事実、後水尾院は多くの子息を残したが、帝であった時の子は正室和子との子だけであり、恐怖の流言を裏付ける。

 秀忠に余分な野心はないが「ただやるべきことはやりきる」そんな逸話である。


 和子入内の年、秀忠の二人の男子が元服し、家光・忠長と名乗った。(1620年)

秀忠の長子は次男家光が生まれた時にはこの世に亡く、正室お江(淀殿妹)との子の二人が世継ぎ候補であったが、兄家光(竹千代)は病弱で心身の問題により両親から敬遠され、家督相続は母お江に溺愛された2歳年下の弟忠長(国松)が有力だった。

 竹千代の乳母である春日局が大御所家康に竹千代(家光)の将軍就任を直訴して、家康の亡くなる1年前(1615年)ようやく世継ぎが竹千代(家光)に決まり、将軍へ準備が始まったのだ。
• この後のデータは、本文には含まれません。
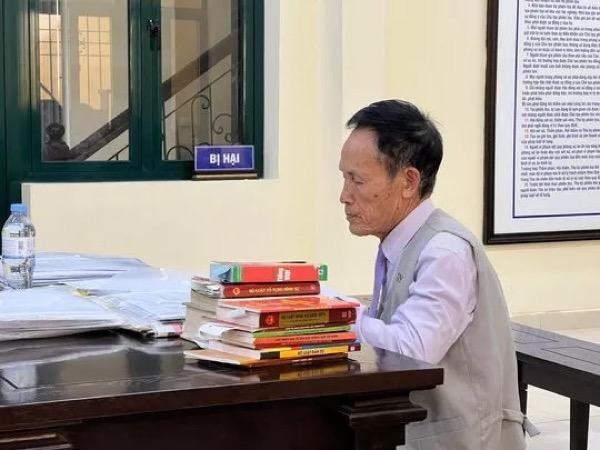 Bị cáo Hiệp 'khùng' mang nhiều tài liệu, sách luật đến phiên toà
 秀忠は1623年家督を嫡男家光に譲り、父家康と同様に大御所として実権を握る。

三代将軍家光の結婚相手は摂家鷹司家(宮家)から迎えられた。(1623年20歳)

 1624年、弟忠長は加増を受け駿河大納言と呼ばれたが満足せず、大御所秀忠に「100万石を賜るか大阪城城主にして欲しい!」との嘆願書を送ったというのだから呆れられるのも仕方がない。最大の庇護者であった母お江が亡くなると(1626年)問題行動がエスカレートして将軍家光との数々の確執から1632年大御所秀忠危篤の際も面会は許されなかった。秀忠が死去すると改易となり兄将軍家光に排除されて1633年幕命により切腹となった。(享年28歳)

 こうして、長子による世継ぎ継承の原則が出来て、以後の前提となった。


 三代将軍徳川家光は幼いころ病弱・気弱で、化粧をして鏡を眺めてはウットリするような人物だったが、28歳で将軍としての実権を握ると「わたしは生まれながらの将軍である。大名は従へ!」と強権(武断政治)を揮って、武家諸法度を改定して「参勤交代で大名の統制を図る」仕組みを作りだし幕府に脅威となる大名を徹底して取り潰した。(1635年)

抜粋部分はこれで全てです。